Task directions
A verbatim repeat of the records beneath this line is needed.

Provided entries
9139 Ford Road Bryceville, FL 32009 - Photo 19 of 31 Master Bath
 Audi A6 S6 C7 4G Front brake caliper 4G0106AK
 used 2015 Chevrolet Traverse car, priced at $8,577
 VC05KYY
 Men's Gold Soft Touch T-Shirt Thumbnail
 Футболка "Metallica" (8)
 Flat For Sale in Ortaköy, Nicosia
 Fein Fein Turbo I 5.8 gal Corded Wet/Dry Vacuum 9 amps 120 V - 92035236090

Answer
9139 Ford Road Bryceville, FL 32009 - Photo 19 of 31 Master Bath
 Audi A6 S6 C7 4G Front brake caliper 4G0106AK
 used 2015 Chevrolet Traverse car, priced at $8,577
 VC05KYY
 Men's Gold Soft Touch T-Shirt Thumbnail
 Футболка "Metallica" (8)
 Flat For Sale in Ortaköy, Nicosia
 Fein Fein Turbo I 5.8 gal Corded Wet/Dry Vacuum 9 amps 120 V - 92035236090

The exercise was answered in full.